W światowym futbolu wciąż nie brakuje osobistości, dzięki którym dziennikarze nie narzekają na nudę. Jedną z nich jest Yaya Toure, który tym razem postanowił zabawić się ze swoją federacją w kotka i myszkę.
Zawodnik Manchesteru City nie może raczej zaliczyć obecnego sezonu do udanych. Pomimo dobrych wyników jego klubu na krajowych boiskach, Iworyjczyk nie jest kluczowym zawodnikiem w ekipie Pepa Guardioli. Hiszpan w tym sezonie Premier League skorzystał ze swojego podopiecznego zaledwie 12 razy, z czego połowa to wejścia z ławki rezerwowych. Toure jednak nie narzekał i chciał sobie to niepowodzenie odbić dobrymi występami w narodowej kadrze, do której „wrócił” z emerytury po półrocznej absencji.
Jak się okazuje – wrócił zaledwie teoretycznie.
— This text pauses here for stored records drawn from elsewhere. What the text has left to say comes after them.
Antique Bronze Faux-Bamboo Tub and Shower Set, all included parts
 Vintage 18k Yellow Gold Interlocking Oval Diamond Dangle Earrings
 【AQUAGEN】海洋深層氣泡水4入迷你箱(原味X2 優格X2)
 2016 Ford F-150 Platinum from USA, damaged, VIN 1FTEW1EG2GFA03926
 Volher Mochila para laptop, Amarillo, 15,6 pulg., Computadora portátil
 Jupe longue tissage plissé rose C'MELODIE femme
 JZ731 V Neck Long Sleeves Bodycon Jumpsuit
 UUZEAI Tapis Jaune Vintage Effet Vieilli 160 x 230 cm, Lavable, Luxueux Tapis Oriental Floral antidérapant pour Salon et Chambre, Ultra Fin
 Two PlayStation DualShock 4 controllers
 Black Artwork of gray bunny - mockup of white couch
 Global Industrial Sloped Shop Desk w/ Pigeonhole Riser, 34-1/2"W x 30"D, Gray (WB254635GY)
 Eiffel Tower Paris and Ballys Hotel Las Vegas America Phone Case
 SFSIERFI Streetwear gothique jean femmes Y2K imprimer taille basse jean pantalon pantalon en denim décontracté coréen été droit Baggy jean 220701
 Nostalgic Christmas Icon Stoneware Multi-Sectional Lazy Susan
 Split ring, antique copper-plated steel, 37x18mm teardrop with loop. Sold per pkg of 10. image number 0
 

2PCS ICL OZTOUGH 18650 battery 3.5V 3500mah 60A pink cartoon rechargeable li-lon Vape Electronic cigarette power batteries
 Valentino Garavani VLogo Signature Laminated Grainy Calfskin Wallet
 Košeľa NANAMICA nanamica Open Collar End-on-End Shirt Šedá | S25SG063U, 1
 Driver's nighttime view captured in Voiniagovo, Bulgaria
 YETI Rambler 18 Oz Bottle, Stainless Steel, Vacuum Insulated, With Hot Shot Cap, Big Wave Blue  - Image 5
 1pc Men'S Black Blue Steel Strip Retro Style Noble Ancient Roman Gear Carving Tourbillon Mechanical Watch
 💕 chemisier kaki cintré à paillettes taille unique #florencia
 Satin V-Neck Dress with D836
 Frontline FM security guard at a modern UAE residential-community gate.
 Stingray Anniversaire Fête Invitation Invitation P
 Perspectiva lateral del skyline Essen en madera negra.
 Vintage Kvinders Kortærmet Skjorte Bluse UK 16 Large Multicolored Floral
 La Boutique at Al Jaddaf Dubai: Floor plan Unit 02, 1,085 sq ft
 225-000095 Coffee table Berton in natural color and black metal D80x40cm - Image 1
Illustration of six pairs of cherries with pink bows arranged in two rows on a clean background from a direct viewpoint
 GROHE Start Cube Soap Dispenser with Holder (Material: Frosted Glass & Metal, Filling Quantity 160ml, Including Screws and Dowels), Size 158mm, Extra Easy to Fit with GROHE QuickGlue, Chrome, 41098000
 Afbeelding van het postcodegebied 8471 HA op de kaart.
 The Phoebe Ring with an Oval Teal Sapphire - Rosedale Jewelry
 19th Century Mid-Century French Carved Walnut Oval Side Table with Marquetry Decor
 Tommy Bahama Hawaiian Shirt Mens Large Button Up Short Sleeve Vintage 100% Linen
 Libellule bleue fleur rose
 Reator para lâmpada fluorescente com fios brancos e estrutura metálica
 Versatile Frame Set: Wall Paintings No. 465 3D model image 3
Praktycznie piłkarz nie dotarł do Francji, gdzie jego kadra przygotowuje się na nadchodzące sparingi przeciwko Togo oraz Mołdawii. W wydanym oświadczeniu związku czytamy, że sztab szkoleniowy nie ma pojęcia, w którym miejscu przebywa aktualnie Toure.
Jak na to zareaguje selekcjoner Marc Wilmots? Belg przez jakiś czas starał się namówić Iworyjczyka do powrotu, ale jak się okazuje nawet zgoda byłego kapitana „Słoni” wcale nie okazała się na tyle wiążąca, aby 34-latek terminowo przybył na zgrupowanie. Dla Wilmotsa to oczywiście pewnego rodzaju cios, ale zważywszy na brak awansu na mundial i mnóstwo czasu na przygotowywanie drużyny do kolejnej edycji Pucharu Narodów Afryki, raczej nie dość bolesny. Wydaję się, że to może być koniec Toure z narodową kadrą. Tym razem już definitywny.